Back pain is pain localized to the lower back, which is also known as the lumbar spine region. Back pain can come from several different structures in the lower back, including the lumbar spine bones or joints, discs, muscles, or nerves. Common causes of back pain include poor posture or strain from an injury or lifting. Diagnoses can include muscle strain, lumbar disc herniation or degenerative disc disease, lumbar facet mediated pain, lumbar spondylosis, lumbar spinal stenosis, or sacroiliac joint pain.
Where does it hurt? What can you not do?
Back pain can be associated with pain in the lower back, buttock, and sometimes can also include symptoms in the legs and feet. Typically it is best to avoid activities that worsen the back pain, which might include heavy lifting, running or jarring sports activities, prolonged sitting or standing.
When to Seek Immediate Medical Attention?
In rare cases, back pain can signal a serious medical problem. Seek immediate care if your back pain is associated with new bowel or bladder symptoms (such as difficulty going or inability to control urine or bowel motion) or if the back pain follows a fall or trauma. Contact your doctor if you have back pain that worsens at night, is associated with leg pain, weakness, or numbness, unexplained weight loss, fevers, or abdominal pain.
What can you do?
We recommend seeking medical attention for your back pain. Over the counter pain relievers, plasters, heat, or cold packs may help relieve the pain temporarily. Bed rest is usually not recommended for most cases of back pain unless instructed by your doctor. Try to be aware of the postures and positions that worsen the pain and avoid doing them. Walking and activities of daily living are usually ok, but if an activity increases your pain, rest from doing it.

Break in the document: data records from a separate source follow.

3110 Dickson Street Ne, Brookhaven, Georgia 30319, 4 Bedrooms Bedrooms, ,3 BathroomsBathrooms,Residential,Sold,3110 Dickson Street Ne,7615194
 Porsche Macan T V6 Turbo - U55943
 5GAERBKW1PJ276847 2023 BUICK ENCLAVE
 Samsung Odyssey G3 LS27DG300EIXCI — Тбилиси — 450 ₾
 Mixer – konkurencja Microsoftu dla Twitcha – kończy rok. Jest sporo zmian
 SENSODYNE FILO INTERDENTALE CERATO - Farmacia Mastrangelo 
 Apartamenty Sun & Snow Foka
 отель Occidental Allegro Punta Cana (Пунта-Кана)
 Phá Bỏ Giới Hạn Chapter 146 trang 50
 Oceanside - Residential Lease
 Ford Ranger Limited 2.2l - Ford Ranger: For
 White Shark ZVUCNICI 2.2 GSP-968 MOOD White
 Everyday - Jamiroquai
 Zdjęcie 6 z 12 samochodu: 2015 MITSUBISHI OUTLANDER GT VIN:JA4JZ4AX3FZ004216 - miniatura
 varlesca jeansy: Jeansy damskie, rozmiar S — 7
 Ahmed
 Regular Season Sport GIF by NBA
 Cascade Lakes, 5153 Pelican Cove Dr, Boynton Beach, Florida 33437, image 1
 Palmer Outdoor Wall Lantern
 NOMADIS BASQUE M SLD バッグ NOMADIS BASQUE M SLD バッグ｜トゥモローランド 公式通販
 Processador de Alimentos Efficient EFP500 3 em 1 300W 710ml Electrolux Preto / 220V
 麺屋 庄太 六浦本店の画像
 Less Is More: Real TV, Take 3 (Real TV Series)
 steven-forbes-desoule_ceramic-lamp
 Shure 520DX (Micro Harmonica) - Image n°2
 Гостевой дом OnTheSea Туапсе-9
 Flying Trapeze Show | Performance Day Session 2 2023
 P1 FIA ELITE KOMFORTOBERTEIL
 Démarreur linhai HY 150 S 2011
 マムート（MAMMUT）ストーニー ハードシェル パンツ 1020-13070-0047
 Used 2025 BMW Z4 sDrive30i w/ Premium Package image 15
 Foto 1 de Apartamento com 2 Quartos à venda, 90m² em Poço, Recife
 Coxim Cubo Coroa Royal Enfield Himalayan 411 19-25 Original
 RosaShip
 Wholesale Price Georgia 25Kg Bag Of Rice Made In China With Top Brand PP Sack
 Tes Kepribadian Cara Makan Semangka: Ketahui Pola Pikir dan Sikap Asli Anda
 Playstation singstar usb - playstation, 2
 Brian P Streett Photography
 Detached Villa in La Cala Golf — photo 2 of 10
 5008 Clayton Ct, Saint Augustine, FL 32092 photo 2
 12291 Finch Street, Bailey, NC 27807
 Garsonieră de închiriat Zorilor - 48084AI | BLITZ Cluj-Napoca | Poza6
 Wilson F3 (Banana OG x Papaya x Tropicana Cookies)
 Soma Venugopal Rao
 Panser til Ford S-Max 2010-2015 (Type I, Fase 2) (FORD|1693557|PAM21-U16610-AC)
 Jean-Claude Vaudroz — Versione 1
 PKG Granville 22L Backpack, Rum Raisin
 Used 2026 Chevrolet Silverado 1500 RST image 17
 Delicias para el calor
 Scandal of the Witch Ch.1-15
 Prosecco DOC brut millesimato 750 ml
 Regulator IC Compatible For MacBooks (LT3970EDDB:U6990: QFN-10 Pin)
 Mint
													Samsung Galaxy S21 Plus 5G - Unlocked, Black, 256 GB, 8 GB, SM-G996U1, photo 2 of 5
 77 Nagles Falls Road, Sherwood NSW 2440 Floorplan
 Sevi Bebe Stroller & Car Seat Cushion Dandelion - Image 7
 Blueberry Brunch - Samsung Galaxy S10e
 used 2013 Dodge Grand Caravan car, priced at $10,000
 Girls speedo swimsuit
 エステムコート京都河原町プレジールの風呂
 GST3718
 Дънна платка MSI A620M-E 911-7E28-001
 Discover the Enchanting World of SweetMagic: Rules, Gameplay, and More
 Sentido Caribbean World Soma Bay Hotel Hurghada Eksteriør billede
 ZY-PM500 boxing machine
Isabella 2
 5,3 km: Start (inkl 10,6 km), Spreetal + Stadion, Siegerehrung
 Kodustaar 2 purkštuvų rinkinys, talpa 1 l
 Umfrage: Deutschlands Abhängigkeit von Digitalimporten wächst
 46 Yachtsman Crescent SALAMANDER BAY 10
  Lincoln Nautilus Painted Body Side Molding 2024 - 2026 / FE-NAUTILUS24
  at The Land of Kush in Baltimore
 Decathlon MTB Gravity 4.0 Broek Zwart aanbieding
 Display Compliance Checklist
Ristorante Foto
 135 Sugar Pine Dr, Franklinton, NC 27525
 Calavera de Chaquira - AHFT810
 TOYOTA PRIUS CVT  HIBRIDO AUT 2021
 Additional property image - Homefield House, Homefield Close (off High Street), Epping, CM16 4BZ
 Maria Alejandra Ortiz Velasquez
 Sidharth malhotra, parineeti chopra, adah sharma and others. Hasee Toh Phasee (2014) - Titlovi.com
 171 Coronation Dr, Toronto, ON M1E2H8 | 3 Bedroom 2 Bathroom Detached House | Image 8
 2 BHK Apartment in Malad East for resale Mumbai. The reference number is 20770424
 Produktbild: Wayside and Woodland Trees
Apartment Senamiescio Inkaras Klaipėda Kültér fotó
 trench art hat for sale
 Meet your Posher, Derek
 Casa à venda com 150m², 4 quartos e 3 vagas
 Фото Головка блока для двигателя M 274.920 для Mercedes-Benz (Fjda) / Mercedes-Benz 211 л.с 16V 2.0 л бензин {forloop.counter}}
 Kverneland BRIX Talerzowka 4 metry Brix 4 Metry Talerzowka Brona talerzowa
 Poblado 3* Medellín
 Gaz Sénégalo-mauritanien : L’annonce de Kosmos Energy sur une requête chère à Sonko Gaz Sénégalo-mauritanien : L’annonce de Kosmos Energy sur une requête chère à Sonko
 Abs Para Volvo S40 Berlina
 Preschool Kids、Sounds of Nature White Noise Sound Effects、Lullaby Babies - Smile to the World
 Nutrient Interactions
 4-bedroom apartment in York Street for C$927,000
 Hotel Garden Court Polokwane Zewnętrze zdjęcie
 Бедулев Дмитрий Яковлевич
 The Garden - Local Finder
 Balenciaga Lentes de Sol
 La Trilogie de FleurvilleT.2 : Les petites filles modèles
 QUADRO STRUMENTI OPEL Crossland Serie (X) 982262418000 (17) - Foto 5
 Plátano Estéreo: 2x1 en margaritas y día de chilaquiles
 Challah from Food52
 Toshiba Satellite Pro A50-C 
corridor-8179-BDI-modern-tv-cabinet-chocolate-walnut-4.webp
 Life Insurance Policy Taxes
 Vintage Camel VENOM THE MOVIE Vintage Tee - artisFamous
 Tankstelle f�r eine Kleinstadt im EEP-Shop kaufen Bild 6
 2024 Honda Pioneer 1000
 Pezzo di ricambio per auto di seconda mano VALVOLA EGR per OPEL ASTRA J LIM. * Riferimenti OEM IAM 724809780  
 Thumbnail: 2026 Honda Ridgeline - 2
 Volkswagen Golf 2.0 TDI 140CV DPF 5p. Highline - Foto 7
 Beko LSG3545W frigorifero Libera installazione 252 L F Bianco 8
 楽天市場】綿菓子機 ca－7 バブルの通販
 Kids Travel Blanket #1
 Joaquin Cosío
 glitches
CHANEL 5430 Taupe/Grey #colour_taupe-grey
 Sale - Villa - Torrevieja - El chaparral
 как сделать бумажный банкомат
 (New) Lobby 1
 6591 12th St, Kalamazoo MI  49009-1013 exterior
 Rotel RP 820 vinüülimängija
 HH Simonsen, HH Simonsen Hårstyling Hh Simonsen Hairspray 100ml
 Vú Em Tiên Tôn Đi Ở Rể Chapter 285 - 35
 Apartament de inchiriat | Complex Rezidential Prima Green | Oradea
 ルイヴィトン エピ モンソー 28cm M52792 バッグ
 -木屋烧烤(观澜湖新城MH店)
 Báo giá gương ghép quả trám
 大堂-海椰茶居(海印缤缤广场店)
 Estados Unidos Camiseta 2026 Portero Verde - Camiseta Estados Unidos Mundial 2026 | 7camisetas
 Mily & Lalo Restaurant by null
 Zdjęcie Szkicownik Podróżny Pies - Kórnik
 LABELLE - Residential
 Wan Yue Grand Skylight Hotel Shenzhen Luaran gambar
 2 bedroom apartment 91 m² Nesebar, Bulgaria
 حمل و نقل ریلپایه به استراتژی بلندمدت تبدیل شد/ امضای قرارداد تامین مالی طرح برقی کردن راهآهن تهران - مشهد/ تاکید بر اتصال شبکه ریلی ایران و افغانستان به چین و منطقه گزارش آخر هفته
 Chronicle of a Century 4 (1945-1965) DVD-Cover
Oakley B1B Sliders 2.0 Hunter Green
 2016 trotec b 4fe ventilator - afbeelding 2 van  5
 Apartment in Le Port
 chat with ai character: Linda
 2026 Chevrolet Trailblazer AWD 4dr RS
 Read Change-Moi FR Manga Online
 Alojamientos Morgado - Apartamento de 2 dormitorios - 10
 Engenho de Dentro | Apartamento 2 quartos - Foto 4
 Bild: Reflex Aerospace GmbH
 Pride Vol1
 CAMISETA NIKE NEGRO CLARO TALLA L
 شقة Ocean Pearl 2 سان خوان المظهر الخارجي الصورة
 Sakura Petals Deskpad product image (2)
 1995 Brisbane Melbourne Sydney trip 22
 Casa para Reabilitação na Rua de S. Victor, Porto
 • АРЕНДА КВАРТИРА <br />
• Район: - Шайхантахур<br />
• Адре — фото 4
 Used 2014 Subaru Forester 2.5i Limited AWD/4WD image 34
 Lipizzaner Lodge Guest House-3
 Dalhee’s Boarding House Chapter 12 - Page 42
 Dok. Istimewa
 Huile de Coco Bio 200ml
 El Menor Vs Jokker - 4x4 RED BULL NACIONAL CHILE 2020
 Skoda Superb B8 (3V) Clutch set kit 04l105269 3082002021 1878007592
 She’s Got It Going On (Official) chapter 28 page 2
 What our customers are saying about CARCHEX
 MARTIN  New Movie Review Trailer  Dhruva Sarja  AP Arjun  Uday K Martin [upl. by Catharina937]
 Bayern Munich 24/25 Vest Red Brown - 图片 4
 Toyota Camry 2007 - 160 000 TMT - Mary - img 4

What can we do to help you?
Your doctor with perform a thorough history and exam. Sometimes, your doctor may order x-rays or a MRI of the lumbar spine. Diagnostic tests are not always necessary to confirm the cause of your back pain at the initial visit. Physical therapy and an appropriate home-based exercise program is an important part of back pain treatment.
A physical therapist may offer treatments such as muscle release techniques, ultrasound, heat, or electrical stimulation to the back muscles and soft tissues to reduce the pain. As the pain improves, the therapist will teach you specific exercises to stabilize the back and core muscles, and improve your posture.
These exercises can help prevent the back pain from happening again in the future. Your doctor may also prescribe pain medications for temporary use if over the counter medications are not helping.